> What the task requires: Retype the data in its entirety, with no word changed.
************
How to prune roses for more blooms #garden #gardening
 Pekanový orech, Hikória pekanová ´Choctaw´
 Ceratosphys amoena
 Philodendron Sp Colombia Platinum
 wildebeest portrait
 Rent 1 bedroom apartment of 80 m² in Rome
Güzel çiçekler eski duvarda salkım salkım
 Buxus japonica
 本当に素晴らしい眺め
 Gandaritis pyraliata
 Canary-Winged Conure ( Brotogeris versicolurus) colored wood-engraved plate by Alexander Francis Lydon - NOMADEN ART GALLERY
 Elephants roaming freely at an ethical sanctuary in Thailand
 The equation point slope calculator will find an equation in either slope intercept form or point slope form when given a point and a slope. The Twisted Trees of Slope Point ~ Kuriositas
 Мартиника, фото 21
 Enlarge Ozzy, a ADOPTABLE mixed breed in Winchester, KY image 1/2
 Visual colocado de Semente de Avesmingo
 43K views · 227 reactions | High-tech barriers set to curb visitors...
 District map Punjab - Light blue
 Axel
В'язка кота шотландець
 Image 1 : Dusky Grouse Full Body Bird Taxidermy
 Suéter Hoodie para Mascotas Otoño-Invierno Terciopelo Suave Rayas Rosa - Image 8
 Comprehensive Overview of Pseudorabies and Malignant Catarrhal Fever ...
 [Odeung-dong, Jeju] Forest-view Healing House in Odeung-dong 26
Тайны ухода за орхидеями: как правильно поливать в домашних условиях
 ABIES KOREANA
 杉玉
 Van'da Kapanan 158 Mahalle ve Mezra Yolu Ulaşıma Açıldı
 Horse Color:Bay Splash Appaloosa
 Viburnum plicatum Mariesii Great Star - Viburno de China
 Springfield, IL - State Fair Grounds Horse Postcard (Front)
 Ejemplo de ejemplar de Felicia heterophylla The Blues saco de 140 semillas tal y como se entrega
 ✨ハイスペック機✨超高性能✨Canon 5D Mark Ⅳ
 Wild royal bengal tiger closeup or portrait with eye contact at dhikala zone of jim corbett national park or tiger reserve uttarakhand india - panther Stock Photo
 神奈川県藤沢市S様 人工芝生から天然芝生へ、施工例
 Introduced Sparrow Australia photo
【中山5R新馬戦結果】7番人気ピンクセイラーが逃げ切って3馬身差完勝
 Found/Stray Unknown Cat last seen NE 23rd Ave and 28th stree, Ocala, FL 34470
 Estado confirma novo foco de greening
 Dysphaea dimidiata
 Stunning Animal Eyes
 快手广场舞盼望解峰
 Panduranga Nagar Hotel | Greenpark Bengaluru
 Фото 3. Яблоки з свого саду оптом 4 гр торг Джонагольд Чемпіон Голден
************
> Result:
How to prune roses for more blooms #garden #gardening
 Pekanový orech, Hikória pekanová ´Choctaw´
 Ceratosphys amoena
 Philodendron Sp Colombia Platinum
 wildebeest portrait
 Rent 1 bedroom apartment of 80 m² in Rome
Güzel çiçekler eski duvarda salkım salkım
 Buxus japonica
 本当に素晴らしい眺め
 Gandaritis pyraliata
 Canary-Winged Conure ( Brotogeris versicolurus) colored wood-engraved plate by Alexander Francis Lydon - NOMADEN ART GALLERY
 Elephants roaming freely at an ethical sanctuary in Thailand
 The equation point slope calculator will find an equation in either slope intercept form or point slope form when given a point and a slope. The Twisted Trees of Slope Point ~ Kuriositas
 Мартиника, фото 21
 Enlarge Ozzy, a ADOPTABLE mixed breed in Winchester, KY image 1/2
 Visual colocado de Semente de Avesmingo
 43K views · 227 reactions | High-tech barriers set to curb visitors...
 District map Punjab - Light blue
 Axel
В'язка кота шотландець
 Image 1 : Dusky Grouse Full Body Bird Taxidermy
 Suéter Hoodie para Mascotas Otoño-Invierno Terciopelo Suave Rayas Rosa - Image 8
 Comprehensive Overview of Pseudorabies and Malignant Catarrhal Fever ...
 [Odeung-dong, Jeju] Forest-view Healing House in Odeung-dong 26
Тайны ухода за орхидеями: как правильно поливать в домашних условиях
 ABIES KOREANA
 杉玉
 Van'da Kapanan 158 Mahalle ve Mezra Yolu Ulaşıma Açıldı
 Horse Color:Bay Splash Appaloosa
 Viburnum plicatum Mariesii Great Star - Viburno de China
 Springfield, IL - State Fair Grounds Horse Postcard (Front)
 Ejemplo de ejemplar de Felicia heterophylla The Blues saco de 140 semillas tal y como se entrega
 ✨ハイスペック機✨超高性能✨Canon 5D Mark Ⅳ
 Wild royal bengal tiger closeup or portrait with eye contact at dhikala zone of jim corbett national park or tiger reserve uttarakhand india - panther Stock Photo
 神奈川県藤沢市S様 人工芝生から天然芝生へ、施工例
 Introduced Sparrow Australia photo
【中山5R新馬戦結果】7番人気ピンクセイラーが逃げ切って3馬身差完勝
 Found/Stray Unknown Cat last seen NE 23rd Ave and 28th stree, Ocala, FL 34470
 Estado confirma novo foco de greening
 Dysphaea dimidiata
 Stunning Animal Eyes
 快手广场舞盼望解峰
 Panduranga Nagar Hotel | Greenpark Bengaluru
 Фото 3. Яблоки з свого саду оптом 4 гр торг Джонагольд Чемпіон Голден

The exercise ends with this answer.